Exercise: Omit the images, then output each of the records below exactly.

Information shown:
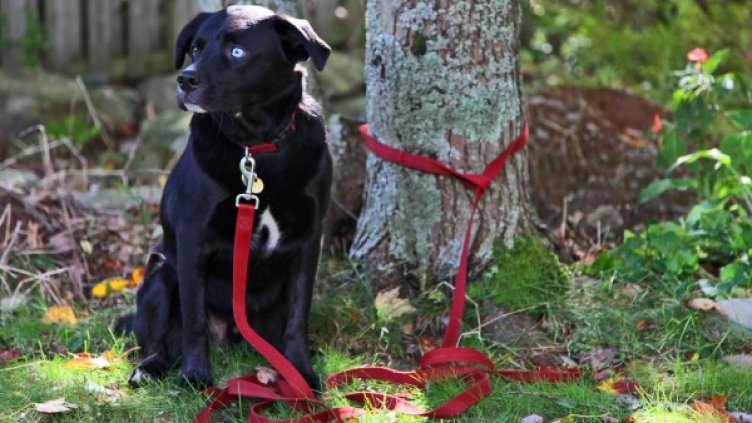 Снимка: flickr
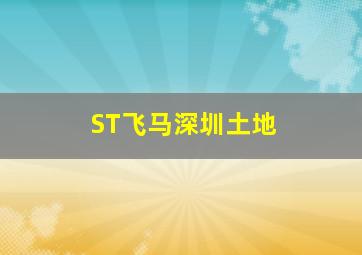 ST飞马深圳土地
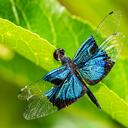 Image of Rhyothemis resplendens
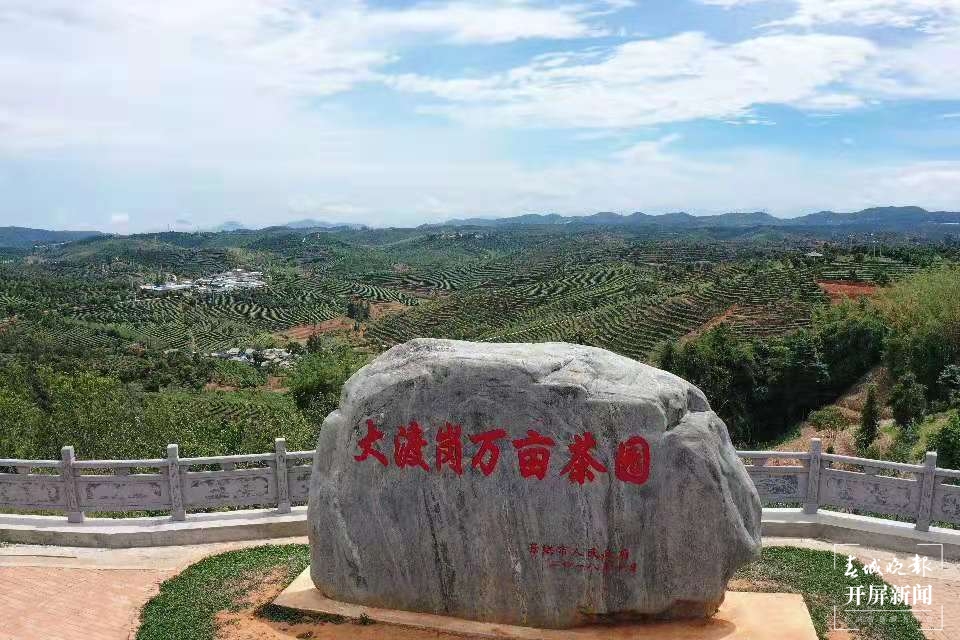 视频 | 世界最大集中连片的万亩茶园—大渡岗茶园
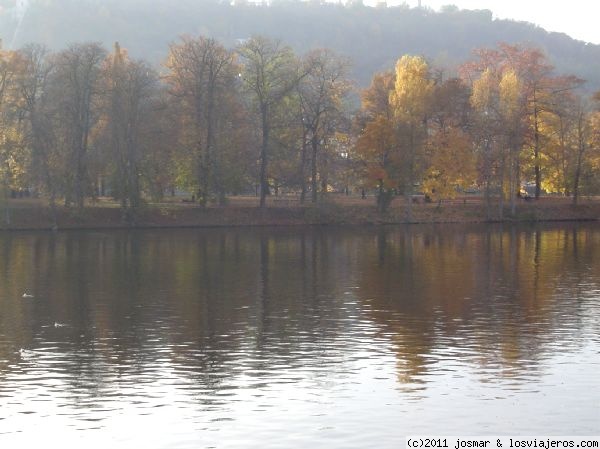 Žofínský Prales, Reserva Natural en la República Checa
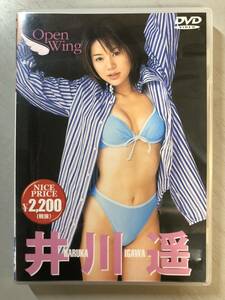 DVD　井川遥　Open Wing　VEDG-001　1円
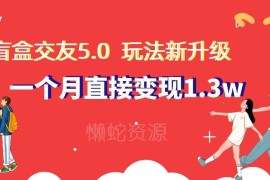 盲盒交友5.0升级版玩法拆解 新手可操作月入过万实操教程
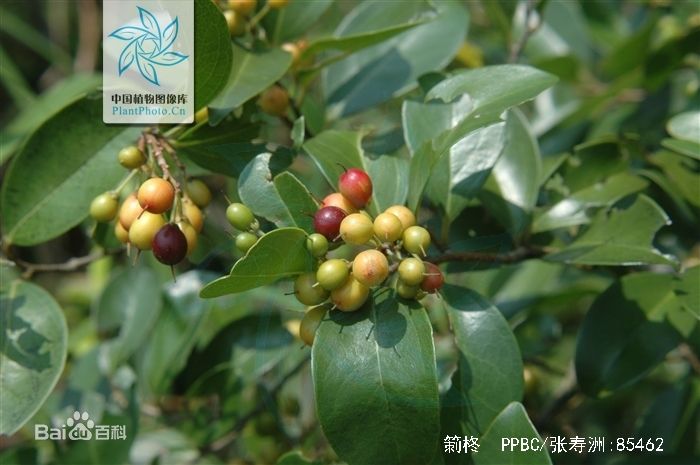ţ--ѧ-Ϊ[]ͼ(5)-Scolopia Chinensis .jpg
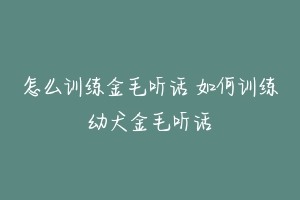 怎么训练金毛听话 如何训练幼犬金毛听话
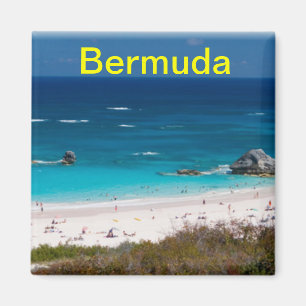 Bermuda magneet
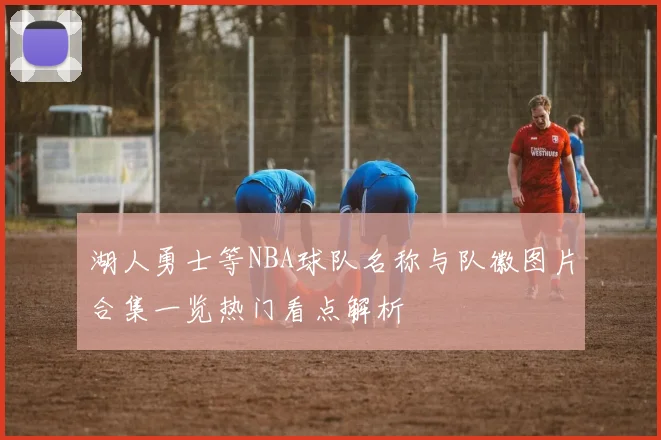 湖人勇士等NBA球队名称与队徽图片合集一览热门看点解析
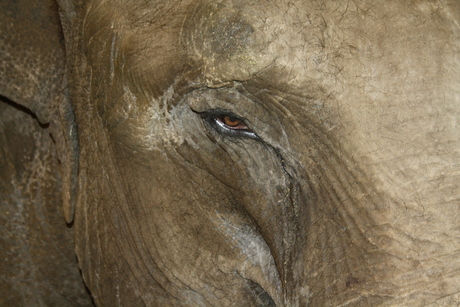 Olifanten-oog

Finished task:
 Снимка: flickr
 ST飞马深圳土地
 Image of Rhyothemis resplendens
 视频 | 世界最大集中连片的万亩茶园—大渡岗茶园
 Žofínský Prales, Reserva Natural en la República Checa
 DVD　井川遥　Open Wing　VEDG-001　1円
 盲盒交友5.0升级版玩法拆解 新手可操作月入过万实操教程
ţ--ѧ-Ϊ[]ͼ(5)-Scolopia Chinensis .jpg
 怎么训练金毛听话 如何训练幼犬金毛听话
 Bermuda magneet
 湖人勇士等NBA球队名称与队徽图片合集一览热门看点解析
 Olifanten-oog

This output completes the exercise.